I will try to keep this fairly short and succinct. Sorry if I ramble on.

My wife and I have been married for 10 years, together for 16. We have 4 beautiful children, all under 10. However, over the past year or so, I have become very frustrated with our relationship. It’s not the relationship as a whole. We are together and talk and discuss all the aspects of our family and responsibilities. It’s our one-on-one relationship, how we feel, interact together, and show each other love, that has taken a backseat to our other responsibilities. In particular, the kids. I know this is normal. Even expected. So why do I feel frustrated with this situation? We actively chose to have 4 kids, and are relatively happy that we did. I say “relatively” because they are kids, with their own personalities, and the general adversities of raising kids. Obviously we were “together” to have 4 kids. When we do get the time to be together, we genuinely enjoy each other’s company. 

I work, not a lot, but more than a 9-5. My typical day starts at 5. Up and out the door by 6. 1 hour drive. Full day at work. 1hr drive home. Home by 5-6 sometime. Start making dinner. Yes, I do a majority of the cooking in the house. But I thoroughly enjoy cooking. Then spend time with the kids either just playing or helping with homework. We try to get them in bed around 8, but that almost always turns into 9. Then there's the clean-up for the day. Clean the kitchen from dinner/day. Make lunches for the next day. Clean the house after the day. It's at least 10 at night before either of us sits down or stops moving. We try to sit, have a cup of tea, and just relax. Most nights we will watch a 30 minute show, and go to bed. 

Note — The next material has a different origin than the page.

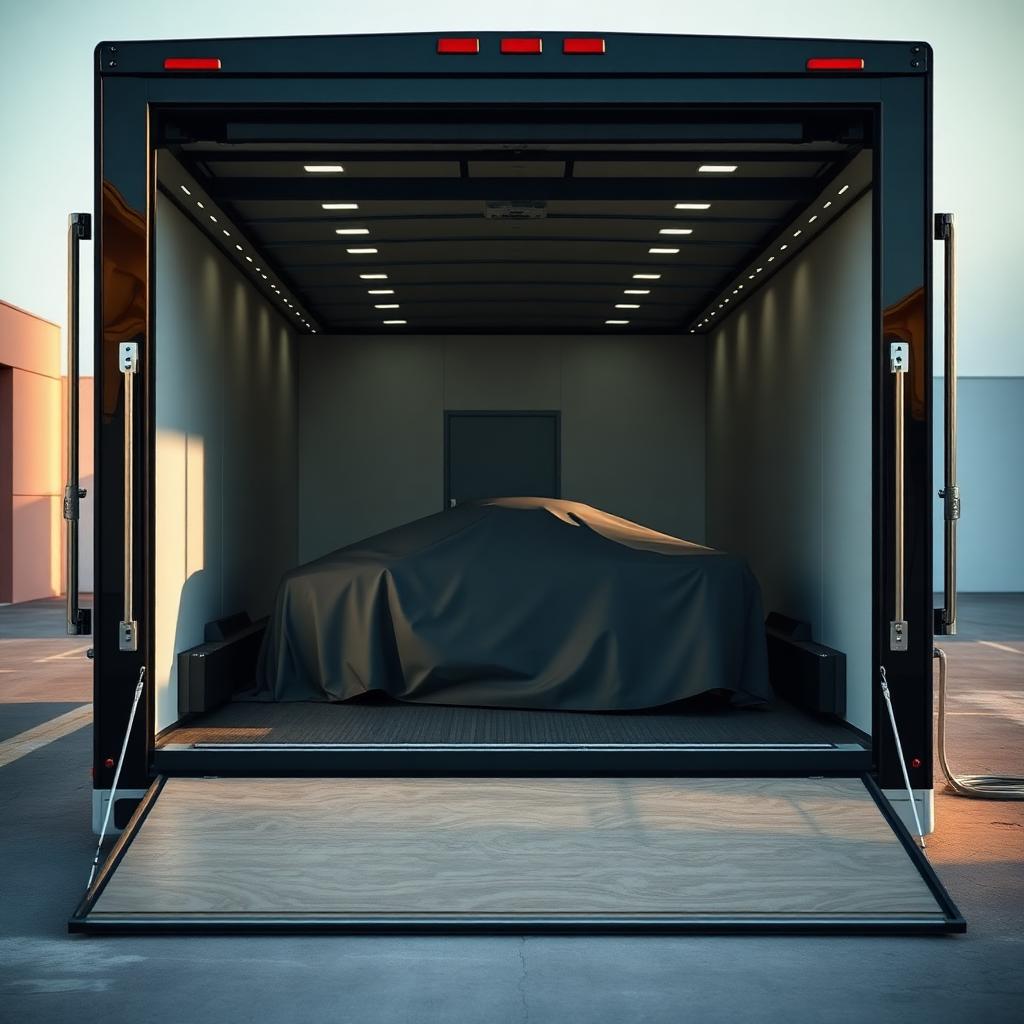 Black enclosed auto transport trailer with hydraulic lift gate and a covered vehicle inside on a concrete loading bay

We are lucky enough that she is able to be a stay at home mom. Let me say this. I COULD NEVER DO WHAT SHE DOES!!! I would go absolutely bonkers after just a week. I have nothing but respect for all the stay at home mom’s and dad’s out there. You work harder than any profession I’ve seen, with little to no active reassurance. Your kids don’t generally tell you, “You’re doing a wonderful job raising us Mom, Thanks.”

We try to take that 30 minutes or so at the end of the day to debrief from the day. But, this usually ends up either just spacing out in front of the TV, or talking about the kids’ activities for the next day, groceries, food menu/prep. Anything but just hanging out together. We are exhausted, and justifiably so.

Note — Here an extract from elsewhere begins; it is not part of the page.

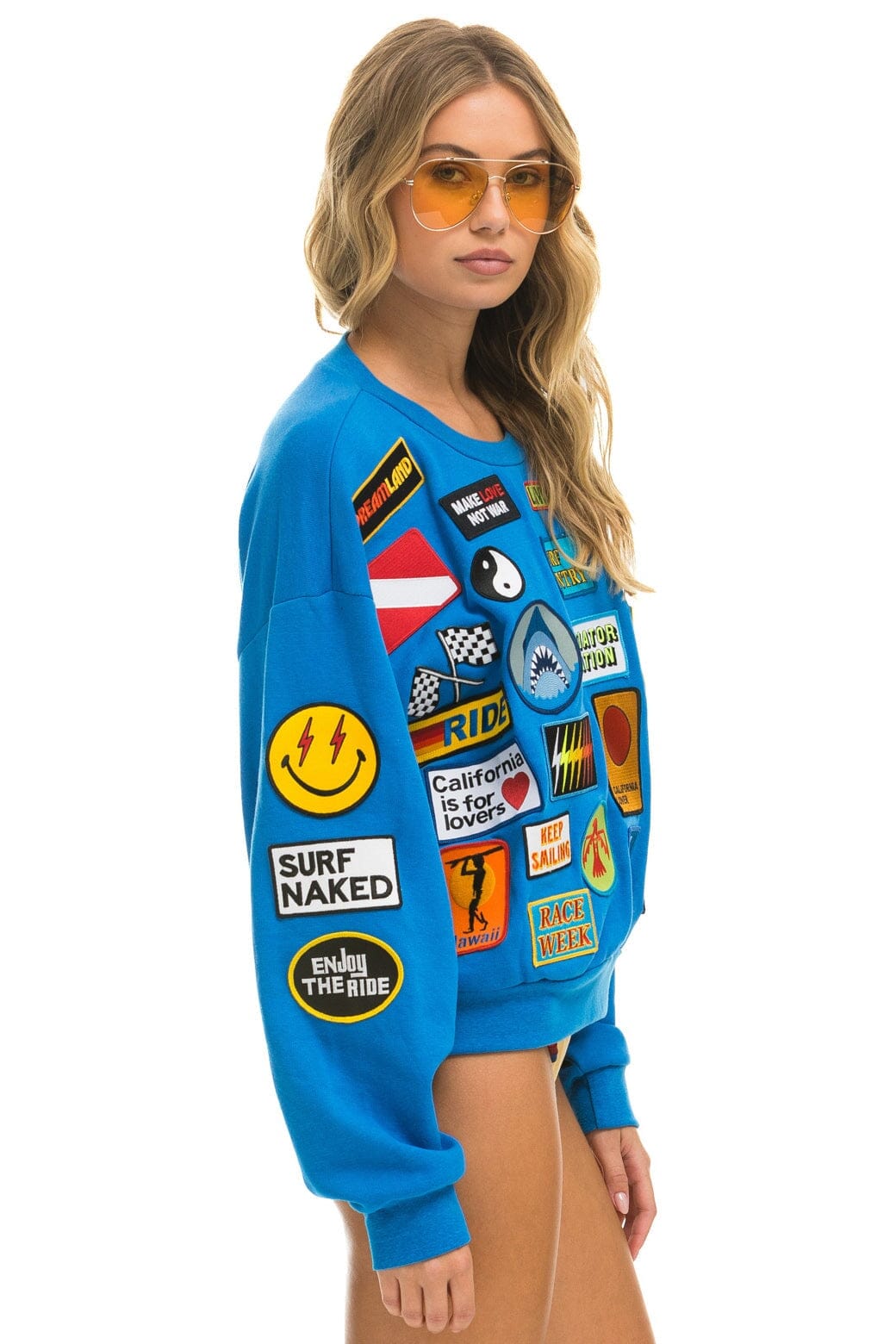 Aviator Nation VINTAGE PATCH RELAXED CREW SWEATSHIRT - OCEAN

We don’t have a lot of support to help us out with babysitting and such. We’ve tried scheduling a date night once a month. But inevitably that gets stretched into 2 because something is going on. The family that we do have close is usually used to babysit when we “need” something. Appointments and such. There’s more of a story here, but suffice it to say we already ask for a lot from them.

I know we chose the life we have. Made the decisions. And we’re living the consequences of our choices. Am I wrong to feel like I want more? Should I just suck it up, wait, and know there are better times ahead of us? I want more time with just my wife. Do I have unrealistic expectations?

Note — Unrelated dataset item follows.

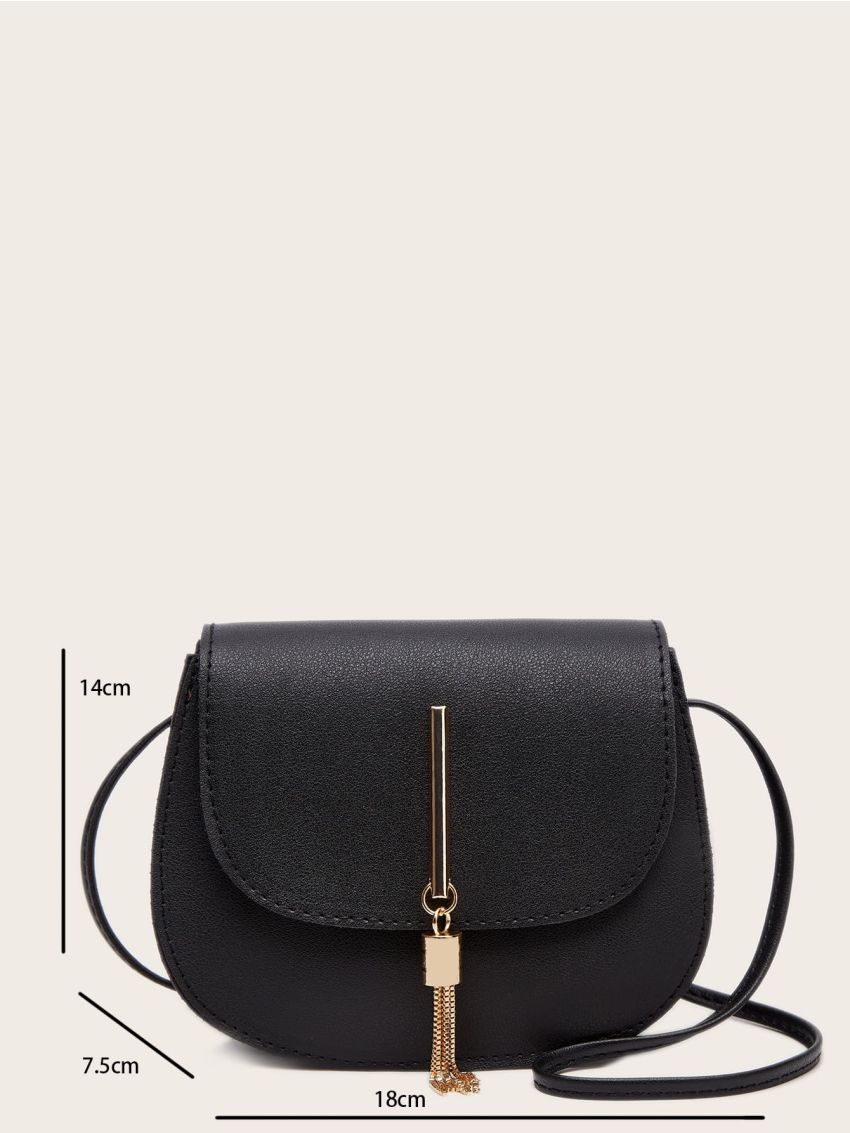Mini Metal Tassel Decor Saddle Bag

I haven’t even touched on making time for ourselves, individually. I just assume I gave any of that up at this point. Maybe in 8-15 years I’ll get some of that back :wink2:

How do others handle this? How to you make time? Energy?

Thank you.


----------



## xMadame (Sep 1, 2016)

I leave the dishes/clean up and lunches til the morning 


Sent from my iPhone using Tapatalk


----------



## GA HEART (Oct 18, 2011)

Leave the TV off. DVR any shows you HAVE to watch and save them for the weekends. You mention cleaning......a lot of that can wait til the next day. You work all day AND cook while she stays at home with the kids? Unless you REALLY like cooking every day, I would find a way to make that balance a little more fair. I was a SAHM to 4 in my marriage, and now I'm a full time working single mom with a commute like yours. I've done both (SAHM and working) AND I also had 4 kids so I feel confident in saying that perhaps she needs to pick up a little more slack.


----------



## 225985 (Dec 29, 2015)

Agree. Your wife should be cooking and doing lunches. That is part of her job. 

Stop cooking. Today. 

Is your wife up at 5 am making lunches or is she asleep?

Btw, you let that happen. So you can put an end to it.


----------



## calliso5 (Feb 8, 2017)

I really do feel that we have a pretty even division of labor. My frustrations don't stem from a feeling that we aren't doing our fair share. We just put everything else ahead of our relationship.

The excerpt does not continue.